Source material
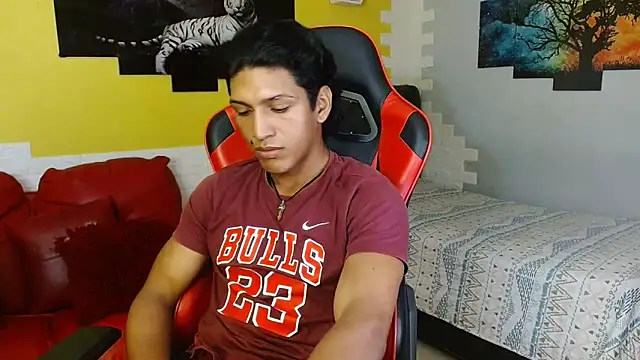 bull cam online show from November 24, 3:46 pm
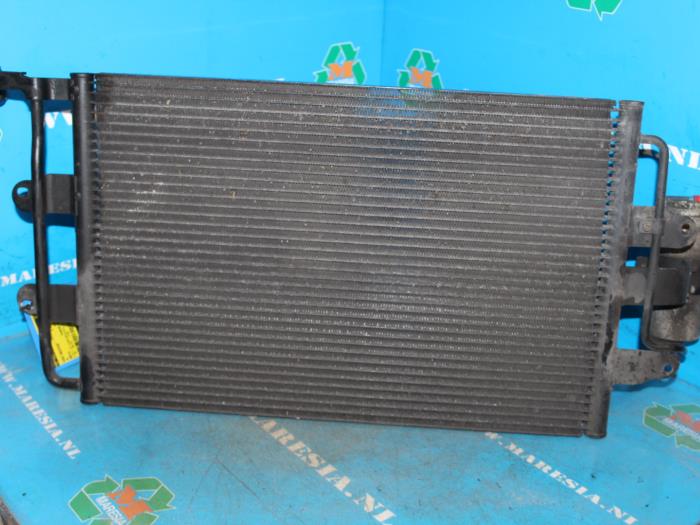 Air conditioning radiator from a Volkswagen New Beetle (9C1/9G1) 2.0 2000
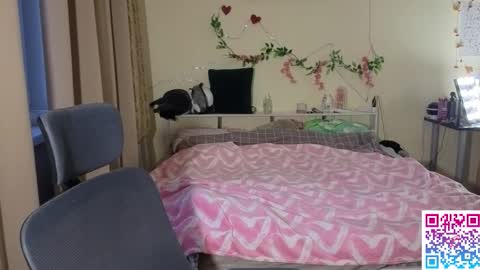 Snapshot of booozekirs_ chatting on February 20, 2026, 2:52 am Milena online show from February 20, 2026, 2:52 am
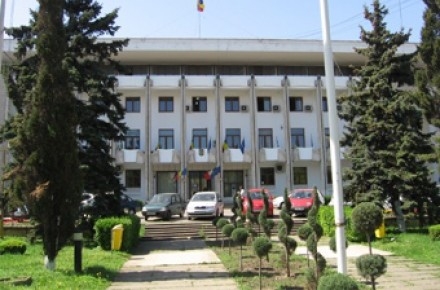 Ședință de fond funciar la Prefectură - prefectura-1326183212.jpg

Try it
All that is required is an exact reproduction of the lines from the one containing "Air conditioning radiator" to the final line of the listing above, pictures omitted.

Answer box
 Air conditioning radiator from a Volkswagen New Beetle (9C1/9G1) 2.0 2000
 Snapshot of booozekirs_ chatting on February 20, 2026, 2:52 am Milena online show from February 20, 2026, 2:52 am
 Ședință de fond funciar la Prefectură - prefectura-1326183212.jpg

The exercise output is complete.